### Task prompt:
Would you retype the listing below word for word, without any of its pictures?

* * * *

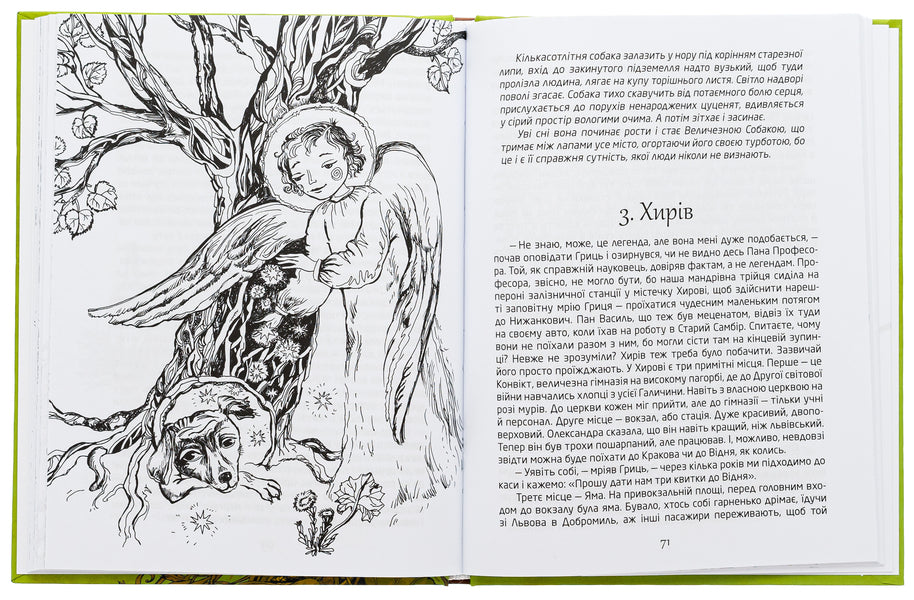 Dobromil science / Добромильська наука Галина Пагутяк, Лана Перлулайнен 9786177429837-5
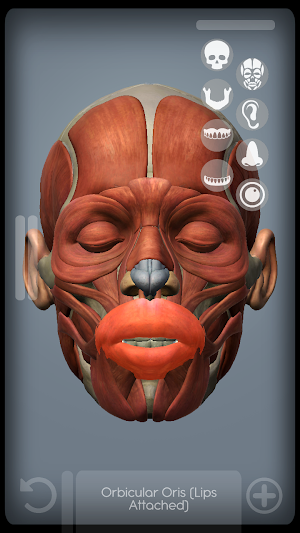 SKULL Graph Screenshot 1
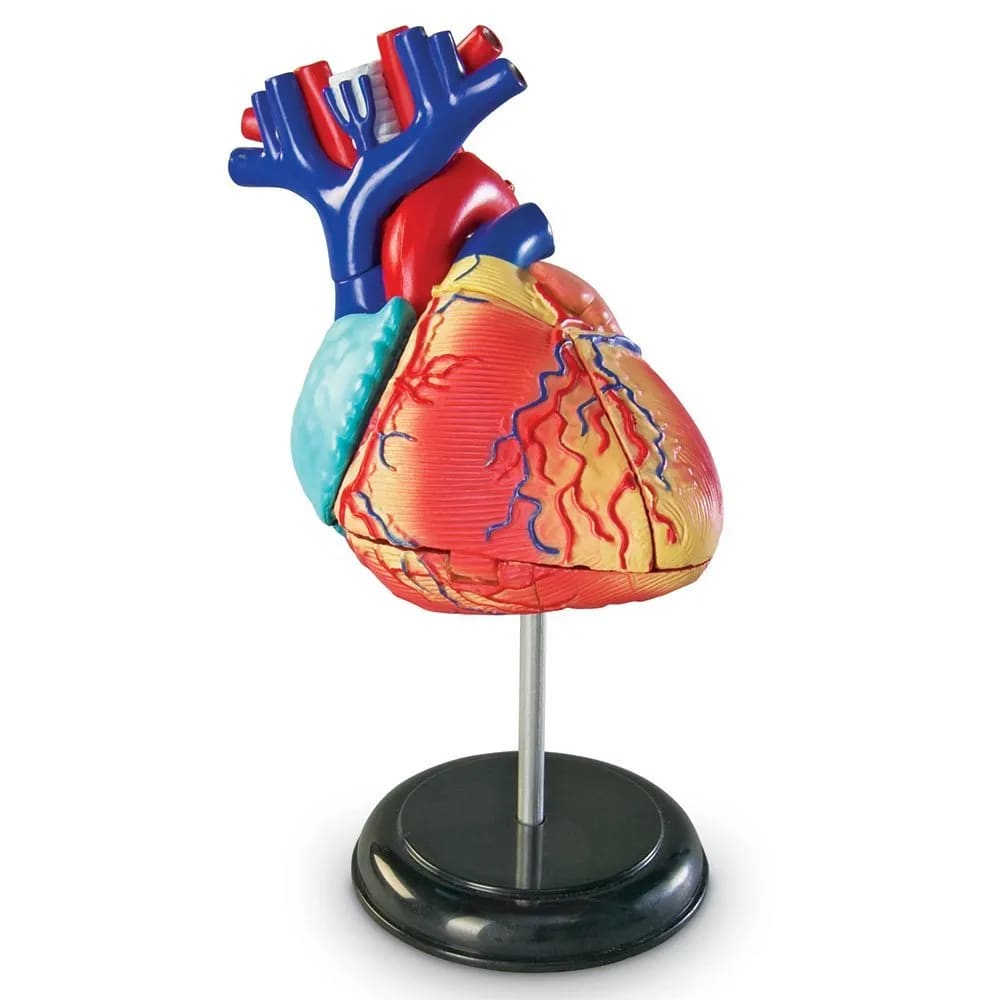 Anatomy Model - Heart - Learning Resources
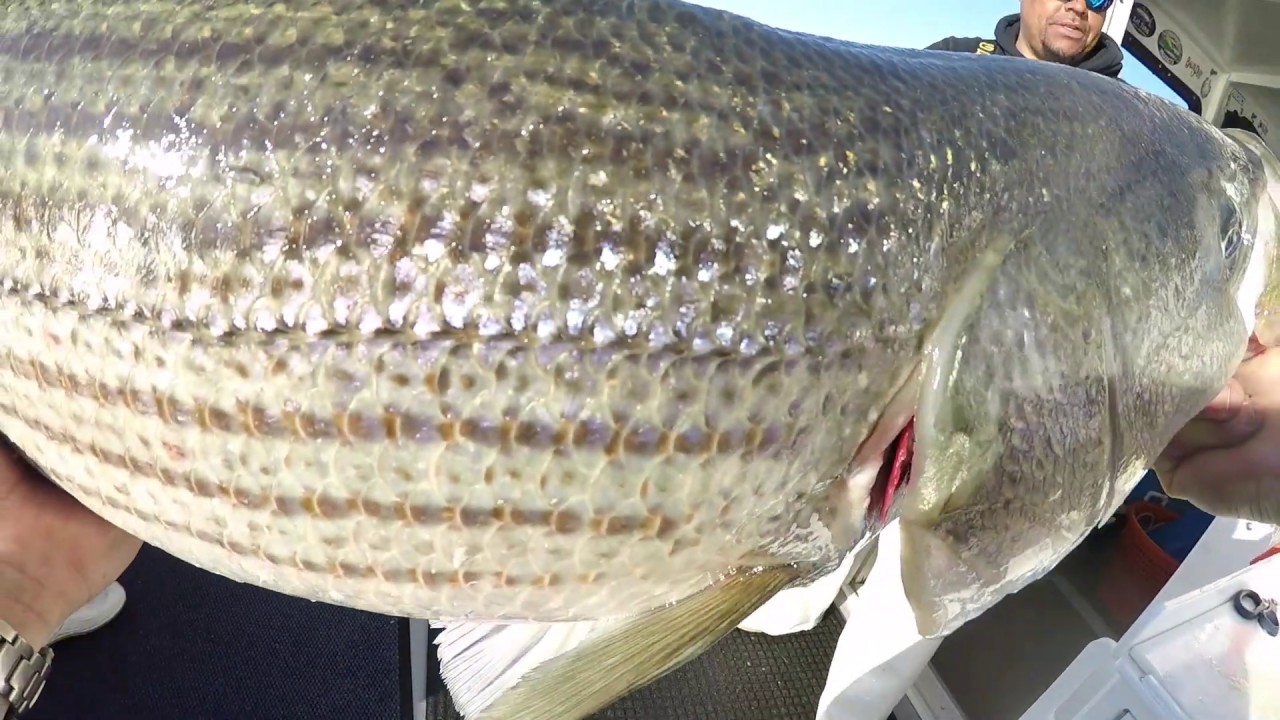 Rockfish Charters, Brooklyn NY , Spring 2019 Stripers YouTube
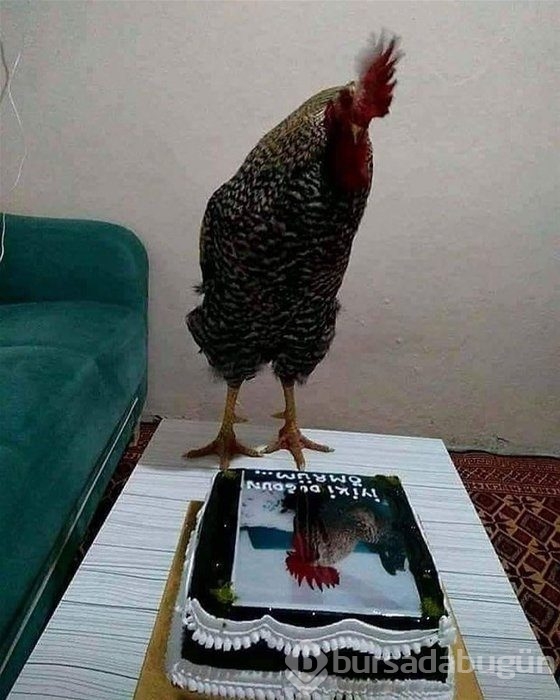 Sosyal medyanın efsane fotoğrafları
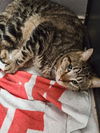 adoptable Cat in  named Rosie
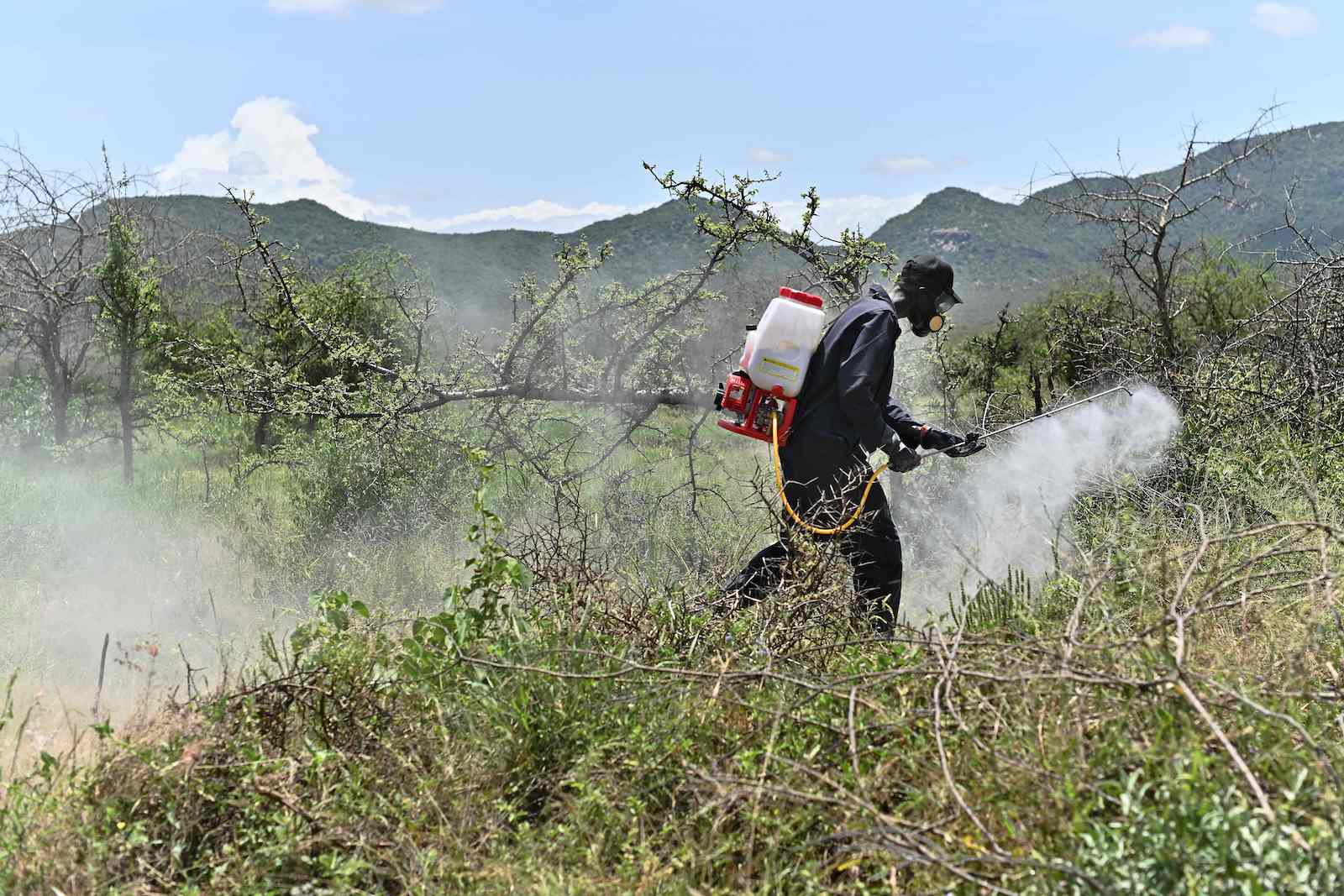 a person in protective gear sprays pestide while walking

* * * *

### Answer for this exercise:
 Dobromil science / Добромильська наука Галина Пагутяк, Лана Перлулайнен 9786177429837-5
 SKULL Graph Screenshot 1
 Anatomy Model - Heart - Learning Resources
 Rockfish Charters, Brooklyn NY , Spring 2019 Stripers YouTube
 Sosyal medyanın efsane fotoğrafları
 adoptable Cat in  named Rosie
 a person in protective gear sprays pestide while walking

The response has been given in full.